Starting at the line that holds "Morgan Alling goes on tour", restate every line word for word up to and including the last one in the listing below, and omit all pictures.

━━━━━━━━━━━━━━━━━━━━

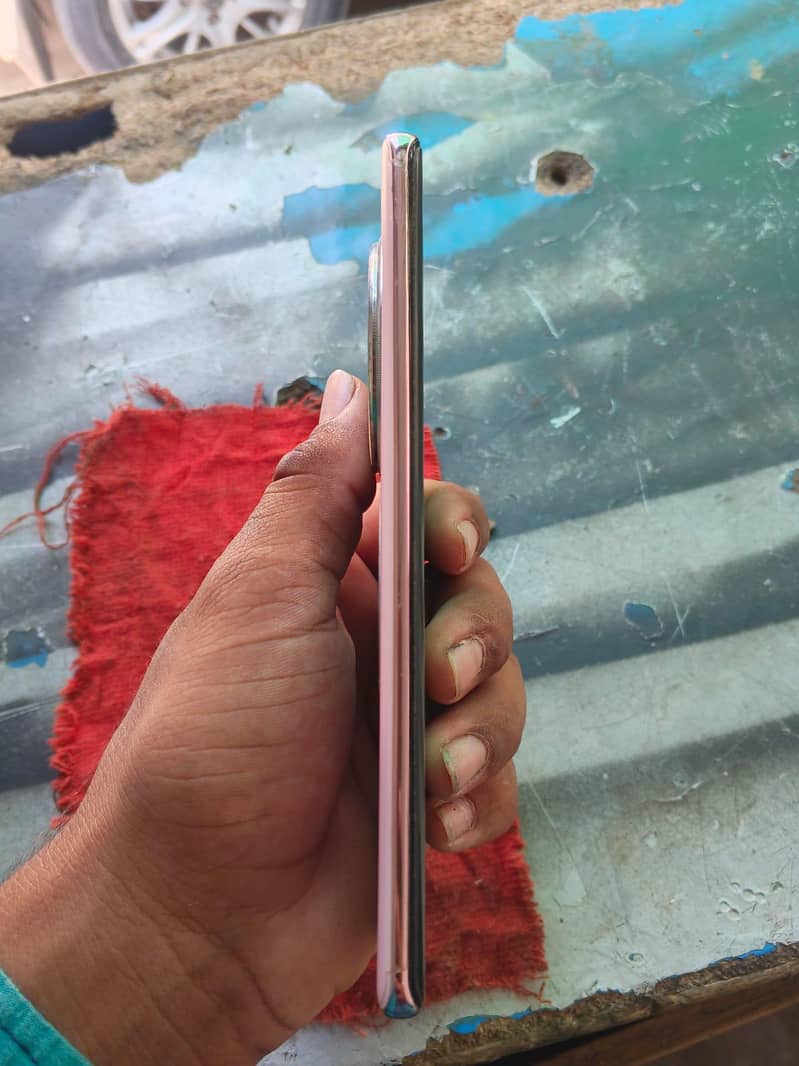 Infinix Zero 40 6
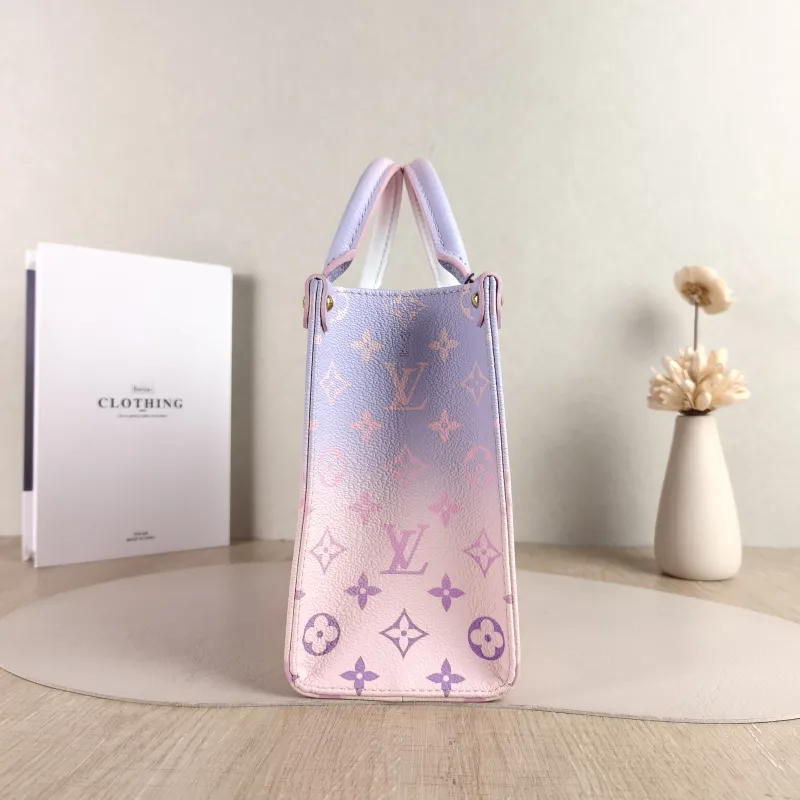 Louis Vuitton Top Handle Bag Onthego Calfskin Small 25 × 11.5 × 19 cm — detail view 10 of 10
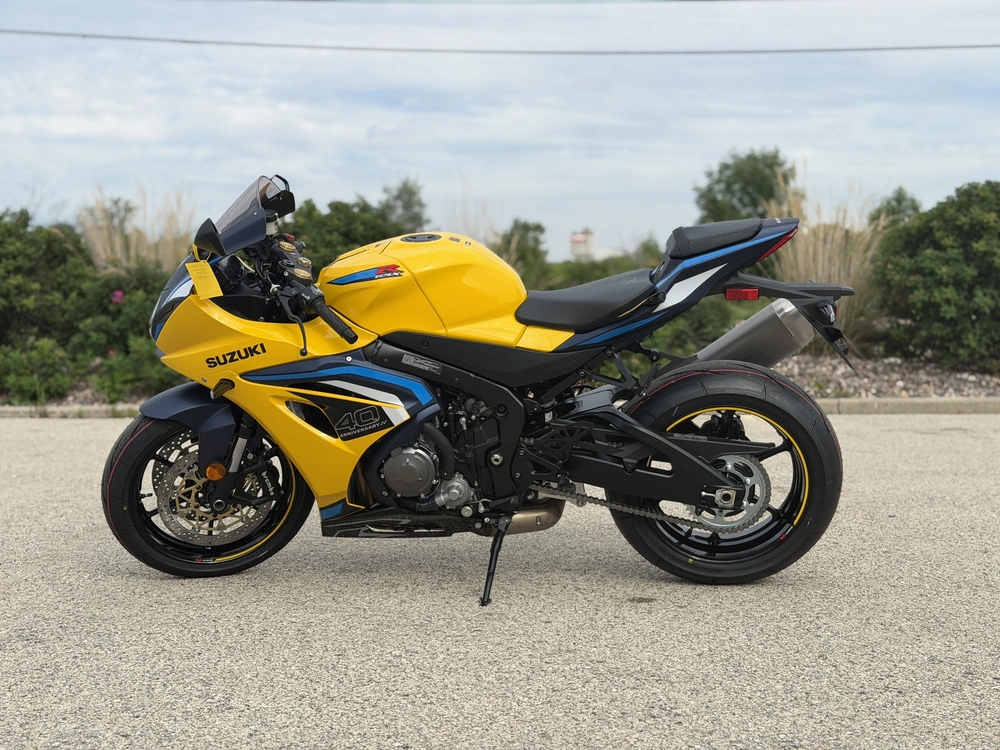 2027 Suzuki Gsx-r1000 40th Anniversary Edition alt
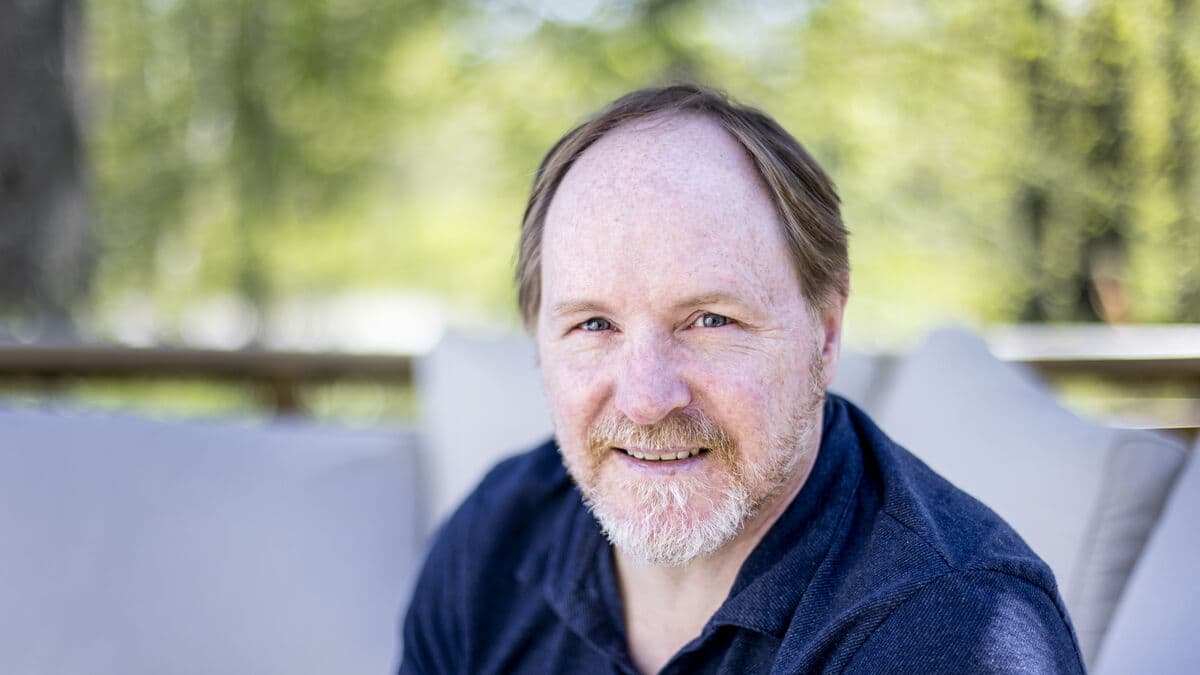 Morgan Alling goes on tour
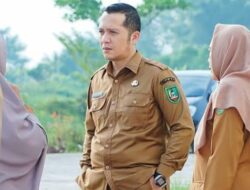 Kabupaten Rohil Dapat Bantuan 22 Titik Perangkat VSAT Tele Sat Dari Kementrian Kominfo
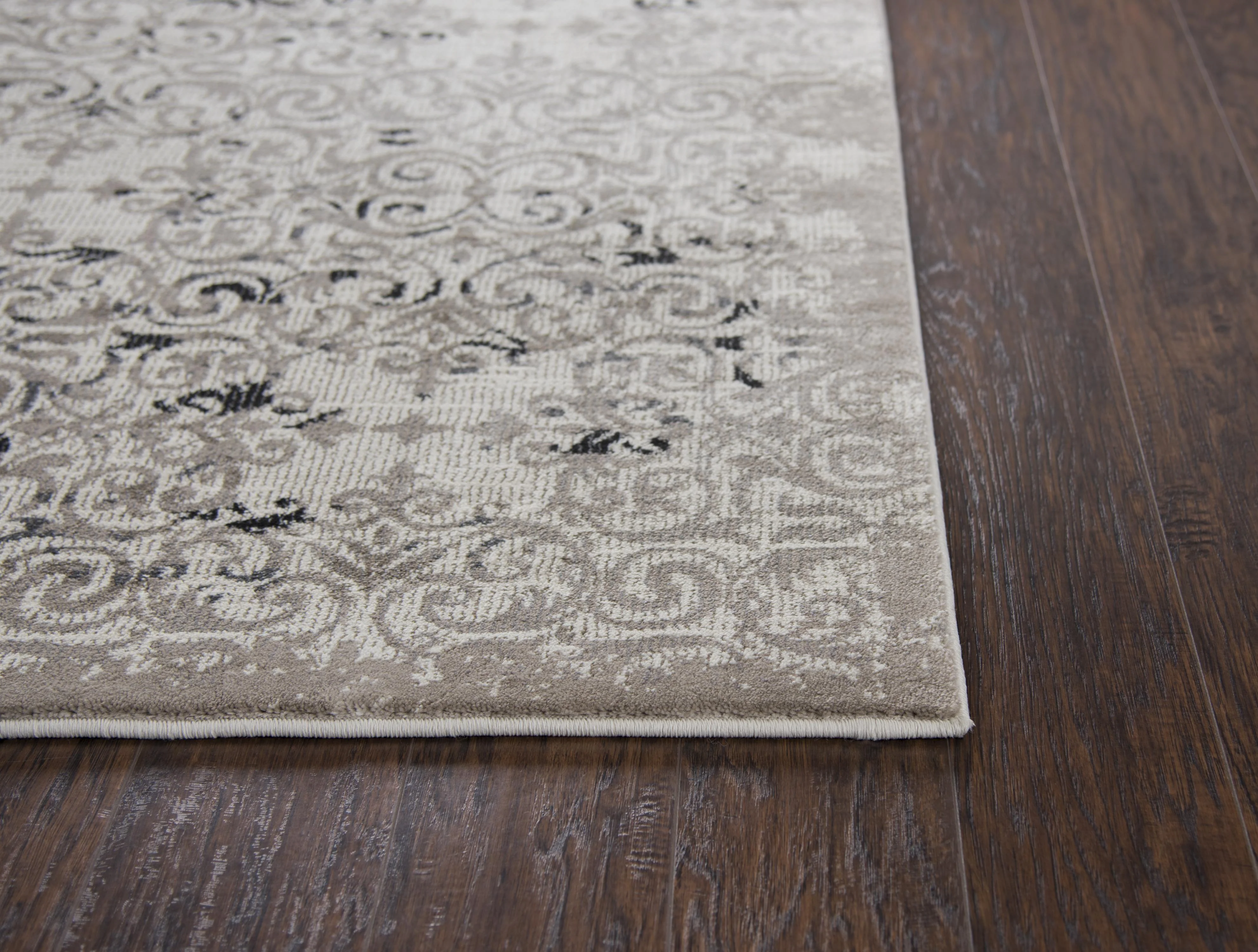 Power Loomed Medallion Area Rug - Image 5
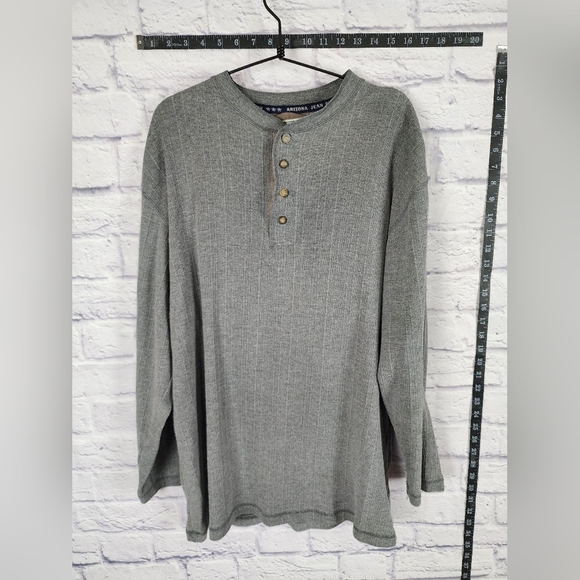 Vintage Arizona Jean Company gray henley for casual and comfy wear Size M - Picture 1 of 4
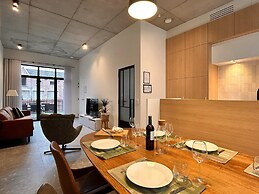 Spacious 3-floor Holiday Home for 8 Guests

━━━━━━━━━━━━━━━━━━━━

Result below →
 Morgan Alling goes on tour
 Kabupaten Rohil Dapat Bantuan 22 Titik Perangkat VSAT Tele Sat Dari Kementrian Kominfo
 Power Loomed Medallion Area Rug - Image 5
 Vintage Arizona Jean Company gray henley for casual and comfy wear Size M - Picture 1 of 4
 Spacious 3-floor Holiday Home for 8 Guests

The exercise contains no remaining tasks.